Candy, evangelism, Texas, ranch
Your mission, should you choose to accept it: Come up with an elevator pitch for a story encompassing those four words. Any genre or time period acceptable.
I look forward to seeing your suggestions in the comments.
I chose those four words because they were the four elements I wanted to include in my latest book proposal. (I won’t bother you with the reasons why). My chosen genre was historical romance. How did I get from those four words to a nine page book synopsis?
I start by asking questions.
• Who are my hero and heroine? What occupations might include candy, evangelism, or a ranch?
• What problems keep them apart? She is a missionary committed to service overseas. He’s a fisherman who once asked her to marry him.
• What problems might interfere with those occupations? The missionary has to stay at home because of family problems. The candy shop fails. Someone unused to a ranch has to learn how to ranch.
• When and where will this story take place? I’m a sucker for natural disasters. Dressed in Scarlet is set during Colorado’s worst blizzard; Beacon of Love takes place in a lighthouse during a hurricane; Bridge to Love examines the infamous Year of No Summer. So it’s no wonder that I was drawn to the Galveston hurricane of 1900.
Okay, with those questions I had enough for an elevator pitch. Next I started on structure: the inciting incident, one or two plot change points, and the black moment.
We’re told to start with action; what is more action-packed than a ship at sea during a hurricane—trying to pick up stranded fishermen? The black moment? Make something happen so that it appears the hero and heroine won’t achieve their hearts’ desire—then resolve it. For my couple, she’s afraid she can’t go back to the mission field, and he’s afraid she will.
In between, though, it gets tougher. One method makes things get progressively worse; the problems escalate. Another resolves the first problem but presents a second.
I used the second method. So by now I have four plot pivots: opening chapter; two change points; and a black moment at the end.

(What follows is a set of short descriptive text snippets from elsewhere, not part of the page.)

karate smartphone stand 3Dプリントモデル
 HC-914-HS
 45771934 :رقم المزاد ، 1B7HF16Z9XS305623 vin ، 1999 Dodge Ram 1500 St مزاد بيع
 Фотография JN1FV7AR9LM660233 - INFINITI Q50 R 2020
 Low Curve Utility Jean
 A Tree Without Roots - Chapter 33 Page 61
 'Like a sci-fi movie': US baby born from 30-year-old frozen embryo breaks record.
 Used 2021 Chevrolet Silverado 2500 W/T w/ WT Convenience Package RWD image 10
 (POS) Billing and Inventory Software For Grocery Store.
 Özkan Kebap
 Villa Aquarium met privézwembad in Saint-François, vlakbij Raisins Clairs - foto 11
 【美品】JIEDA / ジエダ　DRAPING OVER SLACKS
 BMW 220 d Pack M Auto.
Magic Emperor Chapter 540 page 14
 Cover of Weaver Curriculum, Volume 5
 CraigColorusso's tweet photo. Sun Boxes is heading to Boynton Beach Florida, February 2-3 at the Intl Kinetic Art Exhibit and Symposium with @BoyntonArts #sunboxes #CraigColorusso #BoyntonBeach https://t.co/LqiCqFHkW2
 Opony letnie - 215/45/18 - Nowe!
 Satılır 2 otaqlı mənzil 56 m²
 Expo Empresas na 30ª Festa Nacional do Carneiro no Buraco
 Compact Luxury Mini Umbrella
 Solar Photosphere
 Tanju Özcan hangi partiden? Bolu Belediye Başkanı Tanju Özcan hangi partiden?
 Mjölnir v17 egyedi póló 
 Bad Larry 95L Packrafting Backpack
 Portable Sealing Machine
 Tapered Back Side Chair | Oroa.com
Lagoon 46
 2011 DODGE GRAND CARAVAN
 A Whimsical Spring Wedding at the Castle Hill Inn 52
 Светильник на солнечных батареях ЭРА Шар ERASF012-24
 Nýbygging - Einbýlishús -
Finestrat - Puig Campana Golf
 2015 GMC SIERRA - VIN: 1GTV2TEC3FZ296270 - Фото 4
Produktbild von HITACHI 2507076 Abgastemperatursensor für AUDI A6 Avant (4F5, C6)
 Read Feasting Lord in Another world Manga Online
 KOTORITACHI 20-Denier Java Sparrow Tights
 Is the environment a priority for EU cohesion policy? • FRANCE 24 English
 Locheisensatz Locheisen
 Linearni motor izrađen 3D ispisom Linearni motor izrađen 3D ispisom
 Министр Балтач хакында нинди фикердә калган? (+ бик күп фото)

So far I had a page at most. Not much.
Next, I let my mind wander freely. I list scenes and problems as they occur to me, in incomplete sentences, one or two lines each. I don’t enforce any order. Questions I ask myself include how do the hero and heroine get from point A to point B (how do they get from the hurricane-tossed ship to Galveston to evacuation?) Given what I know of my characters, how are they going to react to what’s happening? What problems might arise along each step of the way?
This netted me four-five pages of short ideas. I put them in order, write them into full sentences and paragraphs, add connecting threads and make sure I show emotions and romantic development ...
And I’ve got a nine page synopsis.
Please accept your mission. I look forward to reading your ideas.